About this exercise: Retyping the records exactly is the whole task.

※

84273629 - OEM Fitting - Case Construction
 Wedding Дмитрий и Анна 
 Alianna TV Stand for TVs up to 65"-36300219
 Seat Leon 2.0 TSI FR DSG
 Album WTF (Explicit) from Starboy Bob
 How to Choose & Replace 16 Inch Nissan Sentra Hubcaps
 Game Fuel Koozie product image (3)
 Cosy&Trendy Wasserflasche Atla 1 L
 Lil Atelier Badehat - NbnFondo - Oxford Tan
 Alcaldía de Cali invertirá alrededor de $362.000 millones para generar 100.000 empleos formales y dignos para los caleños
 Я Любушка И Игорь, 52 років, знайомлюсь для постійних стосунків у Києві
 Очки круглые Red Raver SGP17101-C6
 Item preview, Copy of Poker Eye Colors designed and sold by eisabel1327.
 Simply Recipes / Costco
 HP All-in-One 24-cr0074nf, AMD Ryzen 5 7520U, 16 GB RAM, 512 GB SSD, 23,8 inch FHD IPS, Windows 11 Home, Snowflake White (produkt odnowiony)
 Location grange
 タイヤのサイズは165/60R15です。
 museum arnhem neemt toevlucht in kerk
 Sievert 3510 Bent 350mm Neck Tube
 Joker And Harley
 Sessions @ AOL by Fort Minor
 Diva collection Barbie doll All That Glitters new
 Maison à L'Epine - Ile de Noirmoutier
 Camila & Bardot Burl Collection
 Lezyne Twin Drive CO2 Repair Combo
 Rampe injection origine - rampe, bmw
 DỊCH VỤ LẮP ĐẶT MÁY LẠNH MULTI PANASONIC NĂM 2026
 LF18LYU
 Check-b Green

※

Output below:
84273629 - OEM Fitting - Case Construction
 Wedding Дмитрий и Анна 
 Alianna TV Stand for TVs up to 65"-36300219
 Seat Leon 2.0 TSI FR DSG
 Album WTF (Explicit) from Starboy Bob
 How to Choose & Replace 16 Inch Nissan Sentra Hubcaps
 Game Fuel Koozie product image (3)
 Cosy&Trendy Wasserflasche Atla 1 L
 Lil Atelier Badehat - NbnFondo - Oxford Tan
 Alcaldía de Cali invertirá alrededor de $362.000 millones para generar 100.000 empleos formales y dignos para los caleños
 Я Любушка И Игорь, 52 років, знайомлюсь для постійних стосунків у Києві
 Очки круглые Red Raver SGP17101-C6
 Item preview, Copy of Poker Eye Colors designed and sold by eisabel1327.
 Simply Recipes / Costco
 HP All-in-One 24-cr0074nf, AMD Ryzen 5 7520U, 16 GB RAM, 512 GB SSD, 23,8 inch FHD IPS, Windows 11 Home, Snowflake White (produkt odnowiony)
 Location grange
 タイヤのサイズは165/60R15です。
 museum arnhem neemt toevlucht in kerk
 Sievert 3510 Bent 350mm Neck Tube
 Joker And Harley
 Sessions @ AOL by Fort Minor
 Diva collection Barbie doll All That Glitters new
 Maison à L'Epine - Ile de Noirmoutier
 Camila & Bardot Burl Collection
 Lezyne Twin Drive CO2 Repair Combo
 Rampe injection origine - rampe, bmw
 DỊCH VỤ LẮP ĐẶT MÁY LẠNH MULTI PANASONIC NĂM 2026
 LF18LYU
 Check-b Green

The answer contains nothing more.